Quizás la idea de atracción a lo similar fuese sugerente: lo común tranquilizaba. También calmaba que la acción nunca se desarrollara en el exterior. La escena de las discusiones transcurría en el patio, como mucho, o en el comedor. Los vecinos entraban con permiso y pidiendo autorización al jefe de la casa. Nada de calle o violencia en el puesto de mercado.
¿Qué atraía, entonces? ¿Qué había en la trama de esa familia que llamaba la atención? ¿No había tíos solteros que se parecían a todos y novias que recibían visitas con vestidos nuevos?
Las conductas sociales repetían de buena manera los gestos de los seres televisivos. Una especie de “homologación” llamaría Emile Benveniste, a esa matriz de reproducción semiótica en la que dos modelos se ajustan para buscar ejemplos.
La antítesis de la transmisión de caja televisiva familiar la llevó a cabo el cine.
Películas como La casa del ángel (Leopoldo Torre Nilson, 1957), para dar un ejemplo, conmovió la institución familiar al poner en evidencia roles paternos contrapuestos a la novelística televisiva. Apareció la madre sin delantal de cocina autoritaria y para nada comprensiva. Las hijas tampoco lloraban demasiado en sus dormitorios frente a las prohibiciones paternas.
Prácticamente en la misma época apareció, siempre en el cine, El jefe (Fernando Ayala, 1958). La transgresión a la moral atrajo a muchos espectadores que seguían con atención la ruta de desacatar el orden. Hasta hubo un especial interés en la construcción del malo: un actor bien proporcionado en el que la rudeza se solapaba en la musculatura.
Es posible pensar que el personaje que Jorge Luis Borges delinea en Historia de Rosendo Juárez en el Informe de Brodie (1970) guarda una cierta similitud con el actor Alberto de Mendoza en la película de Ayala. Que existan rasgos comunes no hace más que crear estereotipos, sin ningún menoscabo estético entre los creadores.
El “contacto” entre el cine y la literatura originó modelos y las actuaciones compartieron esas vicisitudes, se asemejaron sin perder sus límites. Tardó mucho tiempo para que la “novela” familiar se corrompiera y captara el “vicio” que provenía de puertas afuera.

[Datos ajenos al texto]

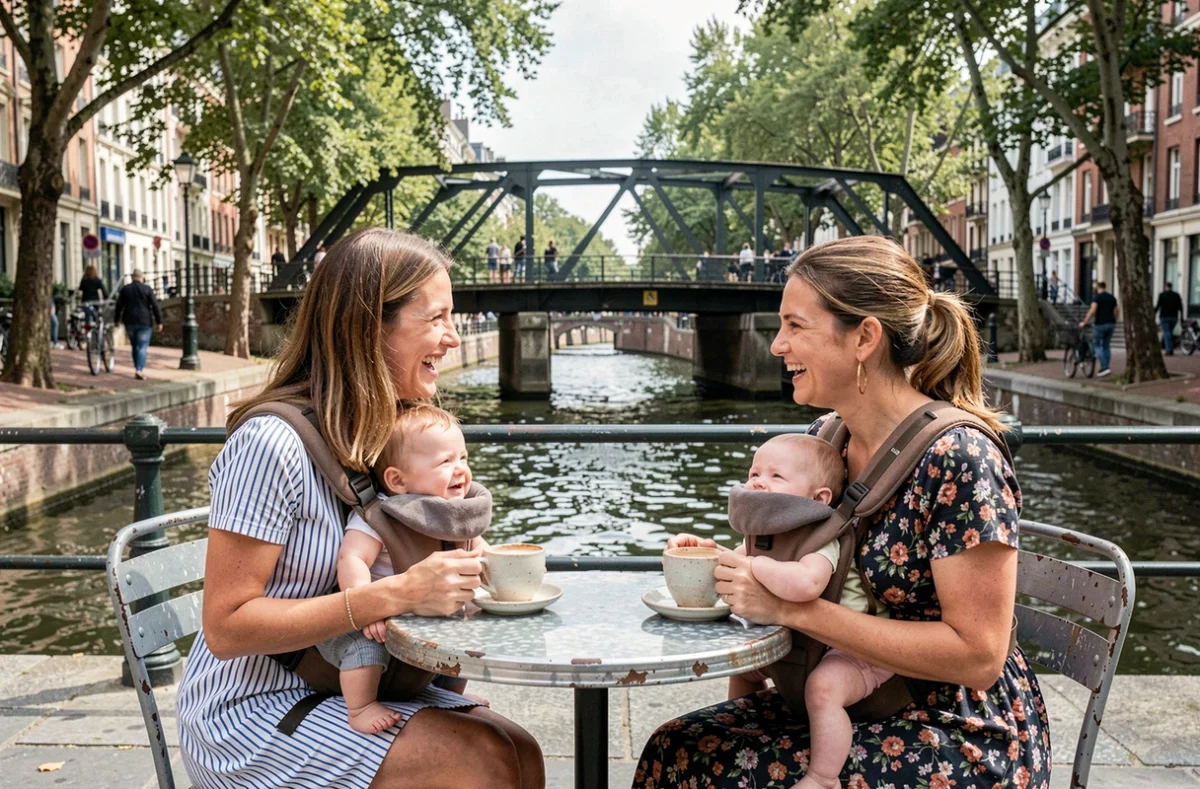 Deux mamans parisienne discutant en terrasse de café au bord du Canal Saint-Martin avec leurs bébés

Hace tiempo que el mundo mutilado y con autopsia pasó a formar parte del dormitorio de grandes y de adolescentes y es materia de conversación en la oficina y en las cenas entre padres e hijos. Las escenas de cárcel de Tumberos (Adrián Gaetano, 2002) son muestras evidentes del hecho de la invasión del “exterior marginal”.

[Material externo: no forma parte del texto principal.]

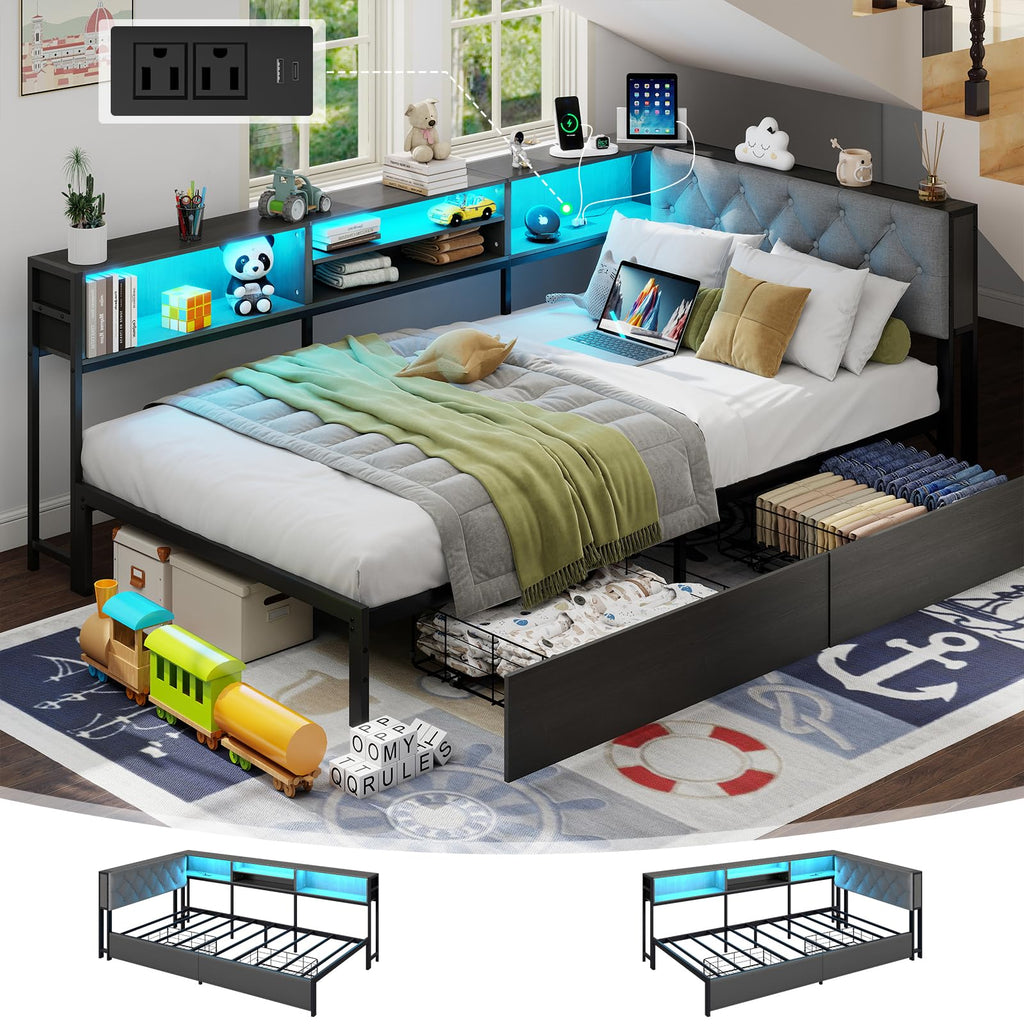 Corner Bed Frame with Storage Bookcase and LED Lights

¿Hay necesidad de que se vea el plus de violencia? ¿Cuál es el límite de la tolerancia? ¿Dar vuelta la cara?
No hay nada nuevo en las series nórdicas, por ejemplo, que llenan las pantallas con cadáveres congelados. Si lleváramos a la pantalla El matadero (Esteban Echeverría, 1871) seguiríamos abriendo los ojos ante el destripamiento del joven unitario sobre una mesa para descuartizar animales.
Los ojos de los espectadores dejaron de parpadear después de la Familia Falcón (Hugo Moser, 1960-1963) y ya nunca los cerraron ante la sangre.
Las buenas familias dejaron de ser normales. Incomodó que vivieran tan lejos de la vereda.